▶ **Assigned task**: Return all of the listing word for word; the pictures stay out.

▶ **Collected material**:
* * *

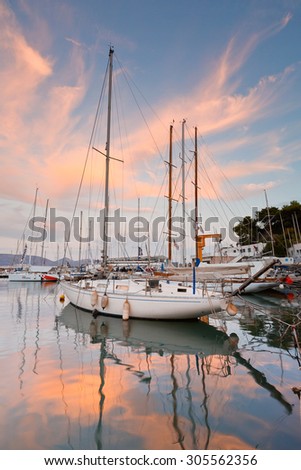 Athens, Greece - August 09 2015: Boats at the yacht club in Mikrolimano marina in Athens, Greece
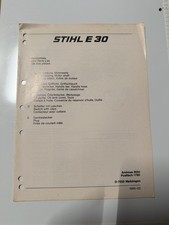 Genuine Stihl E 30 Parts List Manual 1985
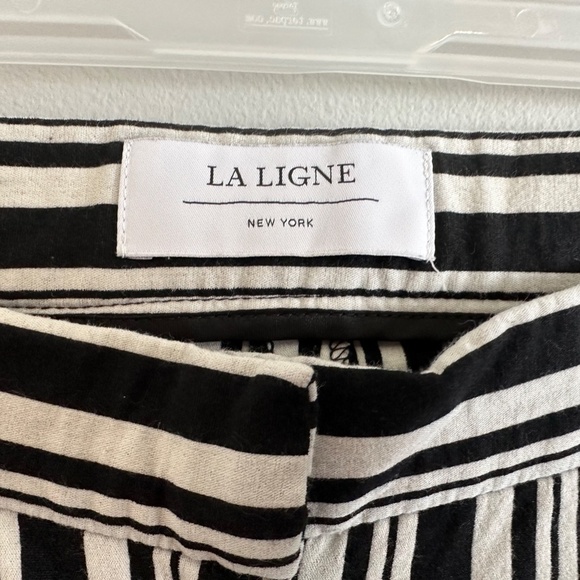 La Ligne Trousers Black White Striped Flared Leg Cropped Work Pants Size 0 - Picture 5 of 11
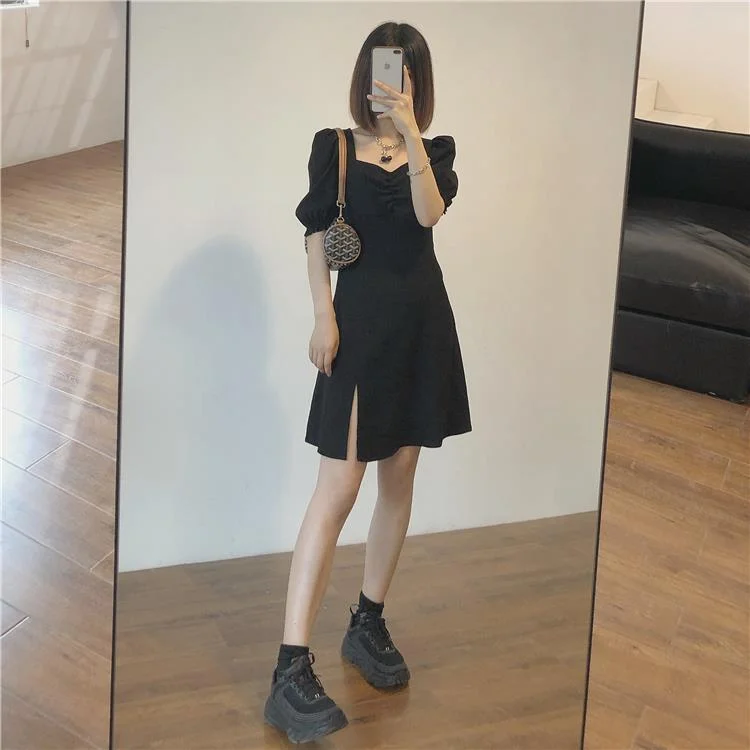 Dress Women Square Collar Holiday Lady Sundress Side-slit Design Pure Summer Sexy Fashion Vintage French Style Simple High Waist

* * *

▶ **Response below**:
 Athens, Greece - August 09 2015: Boats at the yacht club in Mikrolimano marina in Athens, Greece
 Genuine Stihl E 30 Parts List Manual 1985
 La Ligne Trousers Black White Striped Flared Leg Cropped Work Pants Size 0 - Picture 5 of 11
 Dress Women Square Collar Holiday Lady Sundress Side-slit Design Pure Summer Sexy Fashion Vintage French Style Simple High Waist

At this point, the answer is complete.